Cornell Woolrich / Deadline at Dawn (1944, American Mystery Classics)
サスペンスの古典的名作『暁の死線』の原作、日本ではアイリッシュ名義で刊行されていますが、こちらではなぜかウールリッチ名義での刊行。元々アイリッシュ名義なのだから、そちらに揃えればいいと思いますが……(この叢書、カーとディクスンでも似たような例あり)
★John Dickson Carr / The Seat of the Scornful (1941, British Library Crime Classics)
『嘲るものの座』(ハヤカワ・ミステリ)あるいは『猫と鼠の殺人』(創元推理文庫)の題で翻訳されている作品。正直なところ、未読だしまったく印象がないのですが、エドワーズのお墨付きで出し直されるなら、何か面白いところがあるのかもしれない……と気になりはじめています。
★Alice Campbell / Juggernaut (1928, Dean Street Press) 含む10作一括
日本未紹介の情報がない作家なのですが、編者のカーティス・エヴァンズのブログによると、「1887生、1955没のアメリカの作家」「1928年発表の Juggernaut でデビュー」「倒叙、スリラーを中心に19作を著す」「いくつかの作品は映画化もされ、生前は大いに人気を博した」「しかし、没後急速に忘れられた」とのことです。
今回エヴァンズは Dean Street Pressと組んで、Juggernaut の他、以下の9作を復刊しました。残りの9作についても追って復刊していくそうです。
Water Weed / Spiderweb / The Click of the Gate / The Murder of Caroline Bundy / Desire to Kill / Keep Away from Water! / Death Framed in Silver / Flying Blind / A Door Closed Softly
★Samuel Hopkins Adams / Average Jones (1911, Library of Congress Crime Classics)

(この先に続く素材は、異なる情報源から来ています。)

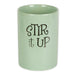 Jadeite Stir It Up Ceramic Utensil Holder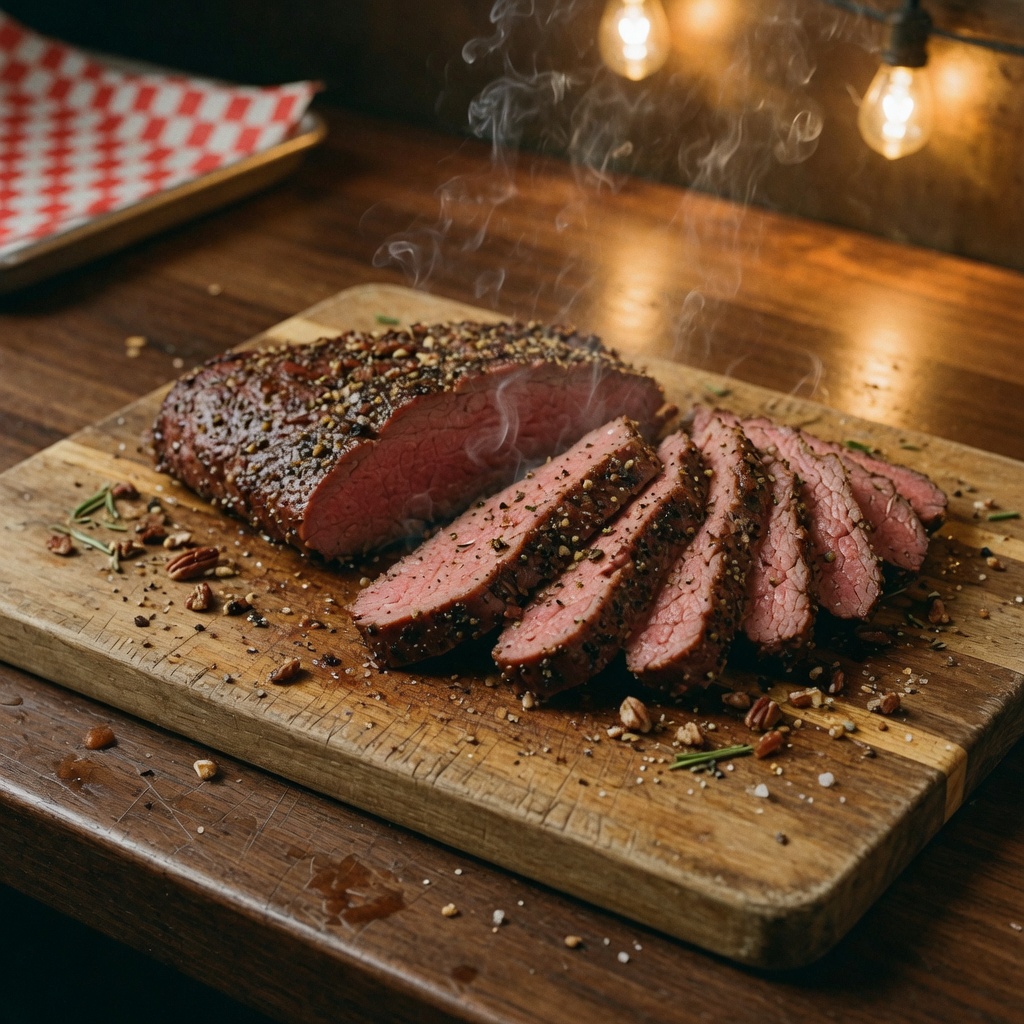 Illustration of food from Wood Ranch BBQ & Grill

「クイーンの定員」に収められた作品集で、広告アドバイザーのアヴェレージ・ジョーンズが探偵役として活躍する短編を収録しています。新聞や雑誌の最も華やかなりし時代を象徴するような、ユーモラスな探偵小説だそうです。Re-ClaMでもご寄稿いただいている林克郎さんによるレビューも、以下で読むことができます。
Marjorie Bremner / Murder Most Familiar (1953, Moonstone Press)
1950年代に二作の探偵小説を発表して消えた作家のデビュー作。 A Catalogue of A Crime で絶賛されていたそうですが、あの本も基準がよくわからないところがあるのでねえ。カントリーハウス物としてはなかなか面白そうですが……
今回面白そうな作家でいうと、やはりアリス・キャンベルでしょうか。一冊ぐらいは読んでみてもいいかな。サミュエル・ホプキンス・アダムズは『密室殺人傑作選』(原書房)でも一作取られていた作家なので、興味があります。カーはまず翻訳を読んでみないと……ということで以上です。